The task — Search the listing below for the word "Card" and copy each line where it appears.

The records —
• • • • • • •

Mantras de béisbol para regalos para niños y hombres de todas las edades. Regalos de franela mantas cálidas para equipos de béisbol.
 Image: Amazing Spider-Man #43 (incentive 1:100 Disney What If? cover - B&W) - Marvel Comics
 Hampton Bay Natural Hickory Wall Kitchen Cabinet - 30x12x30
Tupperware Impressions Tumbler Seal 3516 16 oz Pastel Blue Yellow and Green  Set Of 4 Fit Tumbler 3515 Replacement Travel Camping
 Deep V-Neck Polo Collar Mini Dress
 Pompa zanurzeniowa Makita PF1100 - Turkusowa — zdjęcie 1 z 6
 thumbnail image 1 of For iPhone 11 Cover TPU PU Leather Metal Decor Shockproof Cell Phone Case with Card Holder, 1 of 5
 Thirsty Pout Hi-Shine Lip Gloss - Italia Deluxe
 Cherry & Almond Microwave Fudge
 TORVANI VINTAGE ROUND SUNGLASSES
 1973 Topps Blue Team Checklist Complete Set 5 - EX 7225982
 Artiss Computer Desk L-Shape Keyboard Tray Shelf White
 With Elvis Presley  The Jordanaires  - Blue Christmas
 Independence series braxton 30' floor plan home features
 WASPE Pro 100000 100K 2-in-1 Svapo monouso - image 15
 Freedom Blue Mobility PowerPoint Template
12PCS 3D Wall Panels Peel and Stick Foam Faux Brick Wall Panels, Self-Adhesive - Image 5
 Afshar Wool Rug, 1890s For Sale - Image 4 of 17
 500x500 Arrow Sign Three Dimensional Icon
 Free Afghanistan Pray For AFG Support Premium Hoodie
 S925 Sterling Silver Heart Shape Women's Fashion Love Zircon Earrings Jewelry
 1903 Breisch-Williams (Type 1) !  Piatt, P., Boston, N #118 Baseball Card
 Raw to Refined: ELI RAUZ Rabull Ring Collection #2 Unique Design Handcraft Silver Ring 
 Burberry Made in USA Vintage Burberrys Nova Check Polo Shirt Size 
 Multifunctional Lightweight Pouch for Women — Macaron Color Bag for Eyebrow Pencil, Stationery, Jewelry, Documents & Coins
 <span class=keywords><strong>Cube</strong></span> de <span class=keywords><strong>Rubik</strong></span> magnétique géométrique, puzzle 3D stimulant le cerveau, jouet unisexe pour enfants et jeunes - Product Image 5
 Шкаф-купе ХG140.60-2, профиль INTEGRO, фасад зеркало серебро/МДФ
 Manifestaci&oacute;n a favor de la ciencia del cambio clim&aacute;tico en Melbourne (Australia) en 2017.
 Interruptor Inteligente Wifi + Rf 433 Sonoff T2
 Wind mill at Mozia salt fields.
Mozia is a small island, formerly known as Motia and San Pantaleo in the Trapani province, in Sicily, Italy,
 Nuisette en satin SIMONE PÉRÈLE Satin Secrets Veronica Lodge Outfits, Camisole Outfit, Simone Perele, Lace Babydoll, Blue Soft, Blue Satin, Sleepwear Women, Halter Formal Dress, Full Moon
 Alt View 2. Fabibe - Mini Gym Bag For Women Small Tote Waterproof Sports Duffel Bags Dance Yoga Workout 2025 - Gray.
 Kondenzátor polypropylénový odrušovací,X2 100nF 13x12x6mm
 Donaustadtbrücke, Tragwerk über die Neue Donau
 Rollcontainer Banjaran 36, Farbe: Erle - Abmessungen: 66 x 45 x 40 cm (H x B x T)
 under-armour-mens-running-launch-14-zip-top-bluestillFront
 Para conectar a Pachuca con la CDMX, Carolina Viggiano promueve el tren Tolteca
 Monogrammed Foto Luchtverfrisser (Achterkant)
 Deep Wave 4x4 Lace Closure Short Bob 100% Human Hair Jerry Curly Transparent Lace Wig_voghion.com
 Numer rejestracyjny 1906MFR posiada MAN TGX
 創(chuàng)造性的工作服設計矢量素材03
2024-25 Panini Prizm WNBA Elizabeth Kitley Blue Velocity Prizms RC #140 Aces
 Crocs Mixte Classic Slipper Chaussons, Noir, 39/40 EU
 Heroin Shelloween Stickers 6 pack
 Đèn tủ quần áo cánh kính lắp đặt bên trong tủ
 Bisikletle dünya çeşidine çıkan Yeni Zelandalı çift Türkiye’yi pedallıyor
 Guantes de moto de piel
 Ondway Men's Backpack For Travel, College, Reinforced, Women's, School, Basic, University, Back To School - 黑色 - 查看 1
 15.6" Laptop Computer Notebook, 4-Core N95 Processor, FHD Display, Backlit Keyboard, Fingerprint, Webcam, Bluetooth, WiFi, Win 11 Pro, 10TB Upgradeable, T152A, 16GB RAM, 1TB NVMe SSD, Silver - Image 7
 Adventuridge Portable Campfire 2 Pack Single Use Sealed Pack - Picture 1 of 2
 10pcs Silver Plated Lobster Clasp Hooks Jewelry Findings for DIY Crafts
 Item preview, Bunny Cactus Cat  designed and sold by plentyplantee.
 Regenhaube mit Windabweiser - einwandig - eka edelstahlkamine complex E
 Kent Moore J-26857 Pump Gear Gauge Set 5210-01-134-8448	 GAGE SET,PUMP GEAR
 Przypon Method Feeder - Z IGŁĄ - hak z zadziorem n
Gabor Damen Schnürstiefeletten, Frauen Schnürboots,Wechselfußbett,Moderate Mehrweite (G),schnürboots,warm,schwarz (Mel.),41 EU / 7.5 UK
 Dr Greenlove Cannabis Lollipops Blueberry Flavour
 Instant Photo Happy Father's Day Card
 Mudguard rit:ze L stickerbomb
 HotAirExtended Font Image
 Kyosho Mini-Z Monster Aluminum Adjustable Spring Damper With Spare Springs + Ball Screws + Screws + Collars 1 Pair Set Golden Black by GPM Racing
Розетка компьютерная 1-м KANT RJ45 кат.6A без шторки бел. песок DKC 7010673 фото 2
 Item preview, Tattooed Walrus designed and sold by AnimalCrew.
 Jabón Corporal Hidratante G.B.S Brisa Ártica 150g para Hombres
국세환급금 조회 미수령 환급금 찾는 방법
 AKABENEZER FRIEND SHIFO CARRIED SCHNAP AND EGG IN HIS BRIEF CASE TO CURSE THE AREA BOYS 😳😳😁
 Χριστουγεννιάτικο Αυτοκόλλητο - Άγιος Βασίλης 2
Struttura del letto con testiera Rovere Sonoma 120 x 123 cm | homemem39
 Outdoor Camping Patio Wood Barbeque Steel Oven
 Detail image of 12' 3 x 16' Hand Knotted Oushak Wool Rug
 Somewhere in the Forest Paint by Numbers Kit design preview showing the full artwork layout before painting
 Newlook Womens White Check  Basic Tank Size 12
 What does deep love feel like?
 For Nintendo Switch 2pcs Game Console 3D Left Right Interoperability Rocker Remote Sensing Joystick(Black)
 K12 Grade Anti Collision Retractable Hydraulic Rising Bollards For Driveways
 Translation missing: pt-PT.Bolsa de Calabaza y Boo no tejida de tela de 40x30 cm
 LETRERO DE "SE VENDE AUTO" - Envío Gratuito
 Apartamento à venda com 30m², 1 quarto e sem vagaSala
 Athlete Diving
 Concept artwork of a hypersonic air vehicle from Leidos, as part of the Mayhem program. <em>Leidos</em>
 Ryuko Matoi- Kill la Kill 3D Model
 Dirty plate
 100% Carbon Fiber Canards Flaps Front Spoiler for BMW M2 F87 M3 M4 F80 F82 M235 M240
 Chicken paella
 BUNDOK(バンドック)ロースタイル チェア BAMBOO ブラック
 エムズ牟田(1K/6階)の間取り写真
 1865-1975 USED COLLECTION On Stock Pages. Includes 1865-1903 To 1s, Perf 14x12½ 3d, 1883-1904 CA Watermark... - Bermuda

• • • • • • •

Answer to this exercise —
 thumbnail image 1 of For iPhone 11 Cover TPU PU Leather Metal Decor Shockproof Cell Phone Case with Card Holder, 1 of 5
 1903 Breisch-Williams (Type 1) !  Piatt, P., Boston, N #118 Baseball Card
 Instant Photo Happy Father's Day Card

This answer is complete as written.